| Exercise details |
Give the entries below again, word for word, and leave out the images.

(Caption-style text data)
--*--

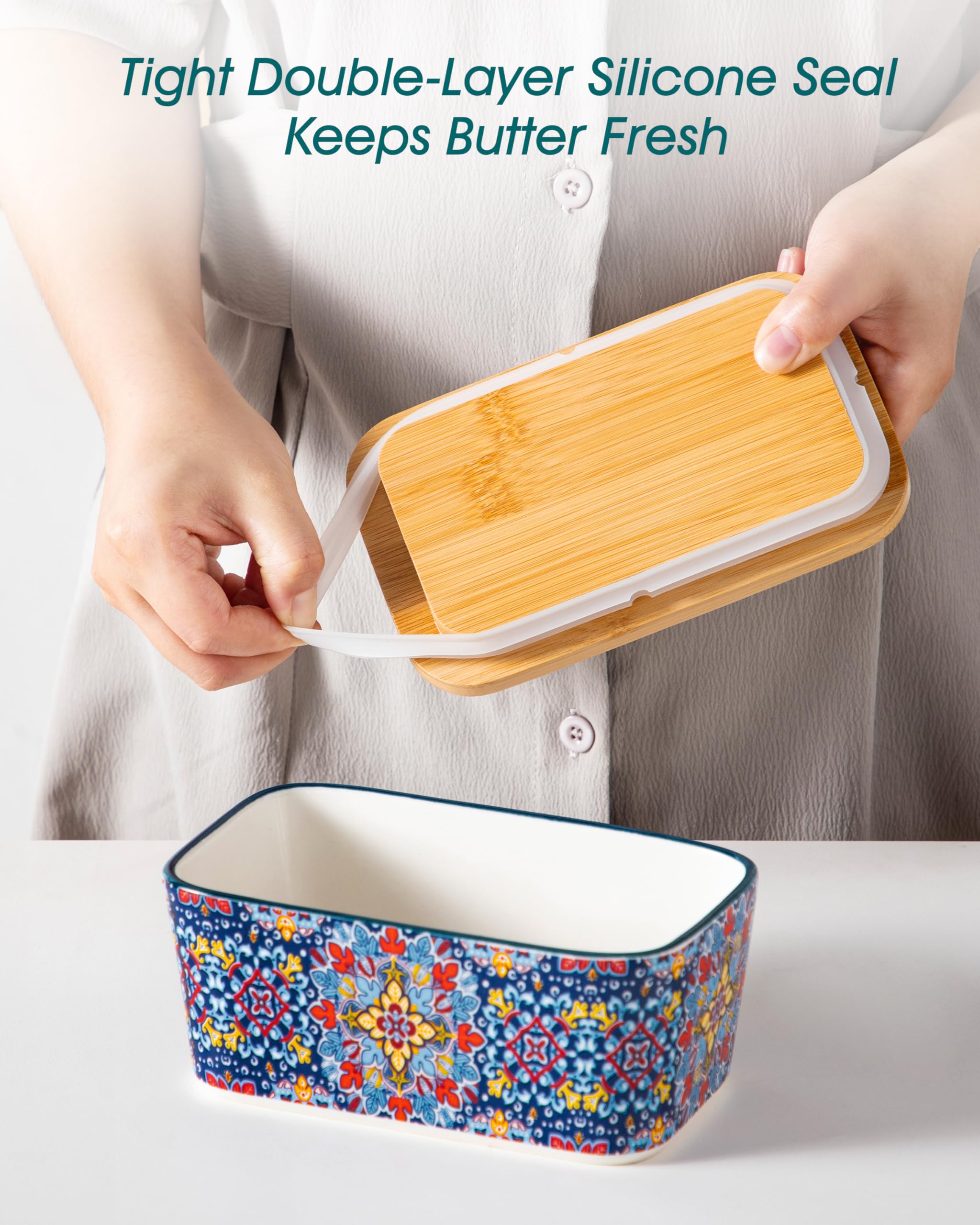 vancasso lid used as cutting board demonstrating multifunctional use and clean slicing
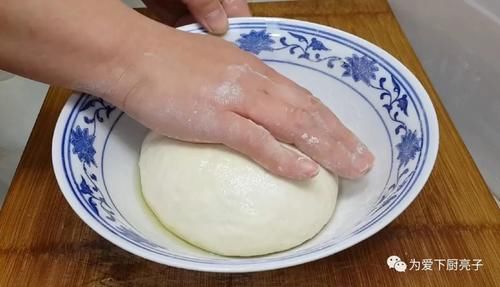 蒸发馒头时，切记不要直接加酵母，掌握正确做法，我家一周吃五次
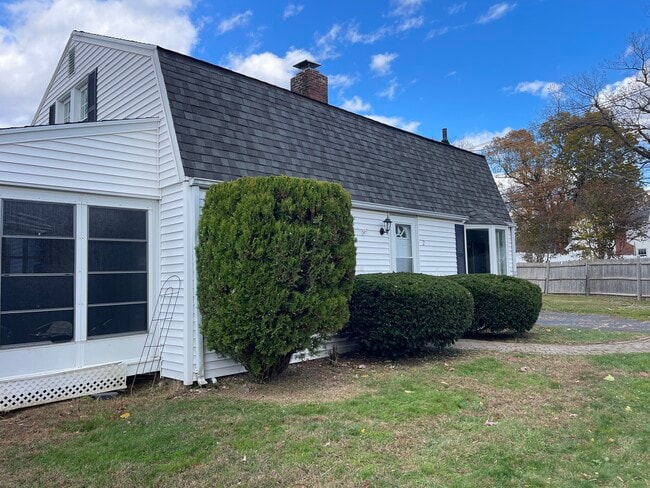 Building Photo - 2 Simscroft Pl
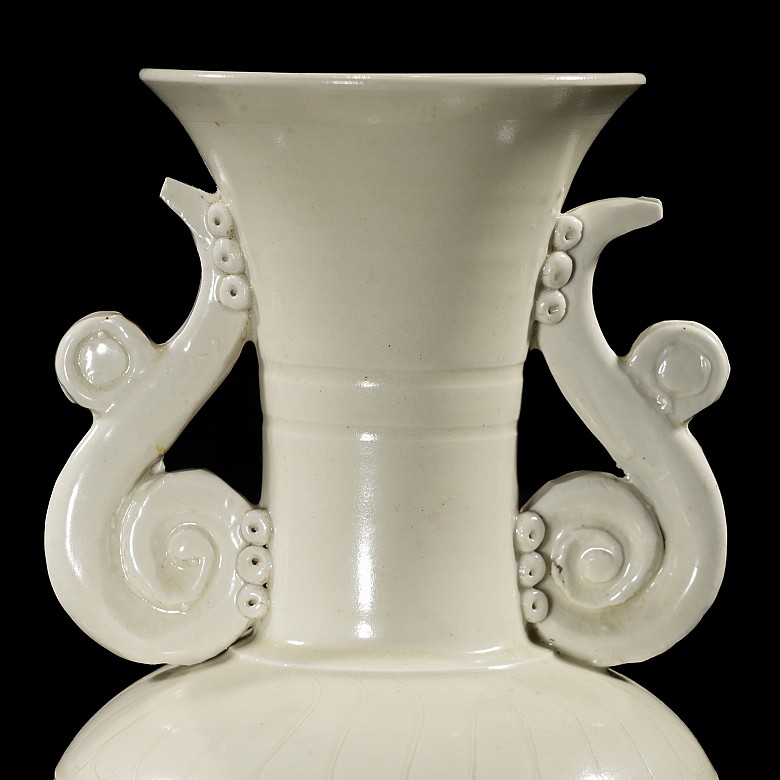 Yuan-style ‘Dingyao’ glazed ceramic vase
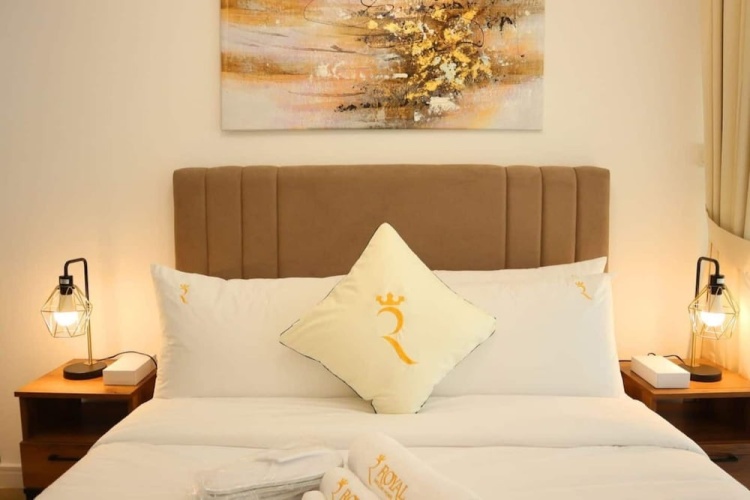 2 Bedrooms Apartment
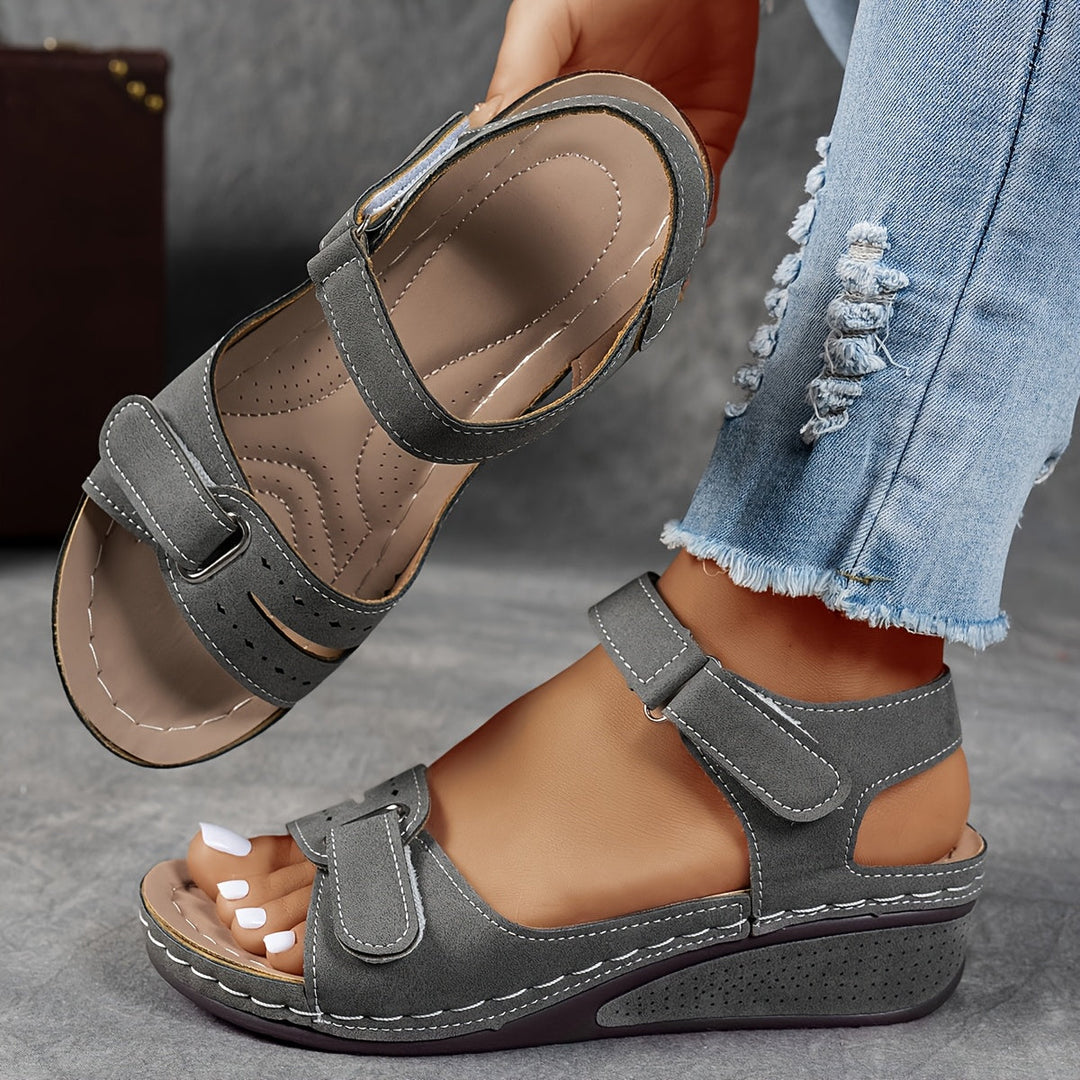 Orthopedic women's casual sandals, perfect for summer. Adjustable straps ensure a custom, comfortable fit.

--*--

| Problem solution |
 vancasso lid used as cutting board demonstrating multifunctional use and clean slicing
 蒸发馒头时，切记不要直接加酵母，掌握正确做法，我家一周吃五次
 Building Photo - 2 Simscroft Pl
 Yuan-style ‘Dingyao’ glazed ceramic vase
 2 Bedrooms Apartment
 Orthopedic women's casual sandals, perfect for summer. Adjustable straps ensure a custom, comfortable fit.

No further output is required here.